Koç ve Demirel’e (2004: 178) göre yapılandırmacı öğrenme planları genellikle şu aşamaları izlemektedir: Dersin başlarında öğrencilerin dikkati çekilmekte, problem durumu sunulmakta ve öğrenenlerin ön bilgileri açığa çıkarılmaktadır. Daha sonra öğrenenler iş birliği içinde problemleri incelemekte, bilgi kaynaklarına ulaşmakta, hipotezler üretmekte, problemlere çözüm önerileri geliştirmekte, görüşlerini paylaşmakta, diğer görüşleri eleştirmekte ve kendi fikirlerini gözden geçirmektedir. Son aşamada ise öğrenenler kendi bilgi yapılarını ve anlamlarını değerlendirmekte, kendilerini geliştirmek için neler yapması gerektiğine karar vermektedirler. Bu süreçte öğretmenin rolü; öğrenmeye rehberlik etmek, öğrenciyi yönlendirmek ve düşünmelerine yardımcı olmaktır.

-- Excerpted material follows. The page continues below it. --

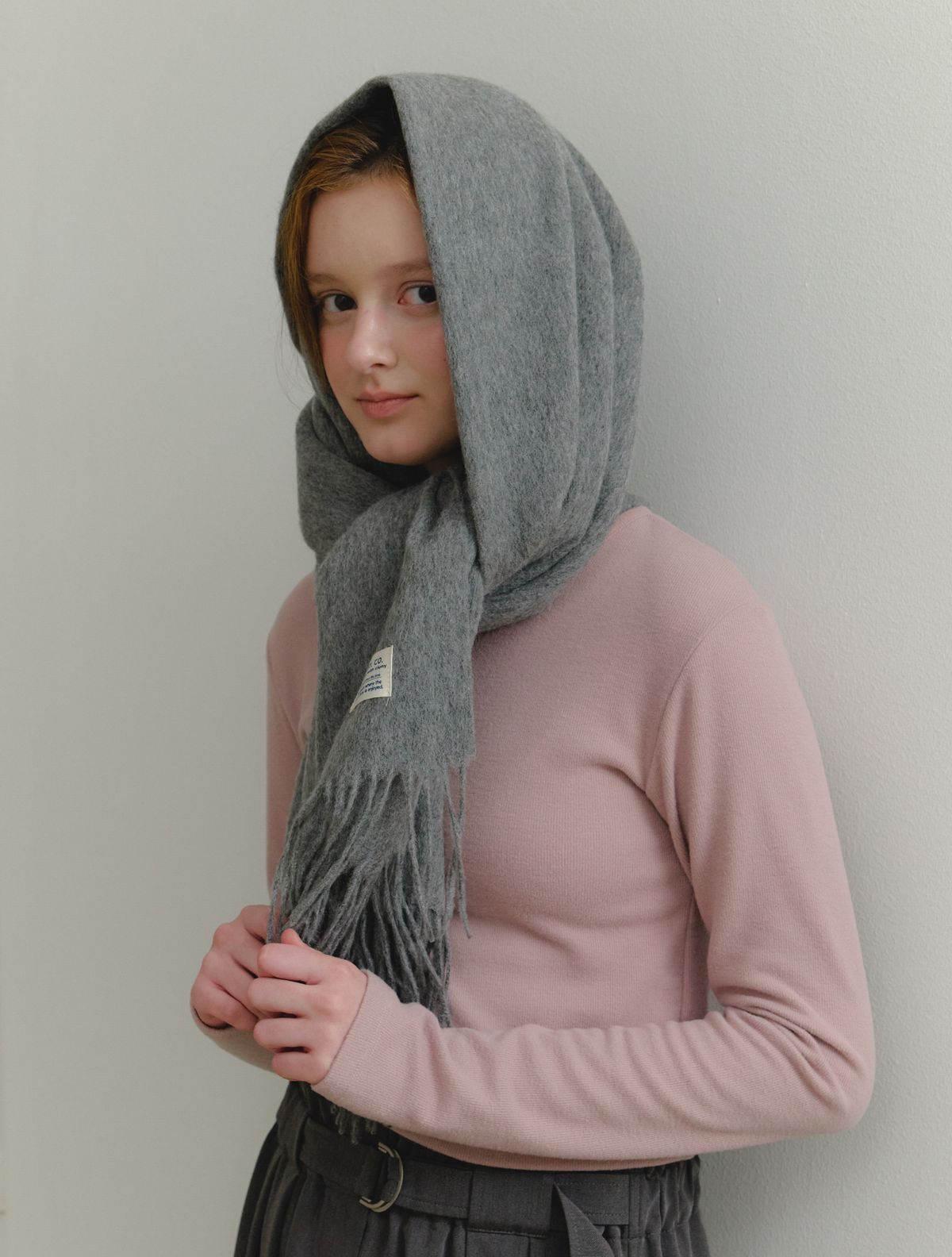 클루니(CLUNY) Soft wool long muffler - (4color)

Yapılandırmacı öğrenme ve öğretim anlayışı, geleneksel eğitim anlayışından çok farklı bir şekilde ayrılmaktadır. Bu yaklaşımda amaç, kişinin bilgiyi özümsemede aktif rol alarak onu kendi zihinsel şemalarında yerli yerine oturtabilmesidir. Öğrencinin okuldan aldığı bilgileri gerçek hayata uyarlayabilmesi, hazır bilgileri ezberlemesinden daha değerlidir. Yapılandırmacı yaklaşım, öğretmenlerin öğretim programlarını sabit ve

değişmeyen yapılar, kendilerini de bilginin yegâne kaynağı olarak görmeleri yerine; hem öğretim programlarını hem ders işleme yöntemlerini devamlı olarak analiz etmelerini gerektirir (Kandemir ve Kurt, 2006: 325). Buna göre öğretmenin her zaman değişime ve gelişime açık olması, kendini öğrenmenin merkezi olarak görme tutumundan uzaklaştırması gerekir.

Diğer taraftan eğitim öğretim sürecinin en önemli parçalarından biri olan değerlendirme anlayışında da köklü değişiklikler olmuştur. Yapılandırmacı eğitime göre değerlendirme, öğretmen ve öğrencilerle birlikte planlanan ve yürütülen bir süreçtir. Değerlendirme öğrenmenin sonunda yer almaz; öğrenme süreci ile birlikte devam eder ve öğretime yön verir. Yapılandırmacı yaklaşımda değerlendirme, öğrenmeye yardımcı bir araçtır. Öğrenenler önceki bilgilerini ve yeni kazandığı anlamları karşılaştırarak kendi bilgi yapılarını değerlendirir. Öğrenenlerin anlamlarını ortaya koyabilmesi için performans değerlendirme, özgün değerlendirme, günlük yazma, öğretmen gözlemleri, görüşme, problem çözme gibi çoklu değerlendirme teknikleri kullanılmaktadır. Yapılandırmacı öğrenme kuramı, eğitim programının tüm ögelerini etkilemekte ve öğreneni etkin kılan bir öğrenme yapısı sunmaktadır (Erdamar ve Demirel, 2008: 631). Bu yeni anlayıştaki çoklu değerlendirme usulleri, değerlendirmede birden çok kişi ve aracı göz önünde bulundurmaktadır.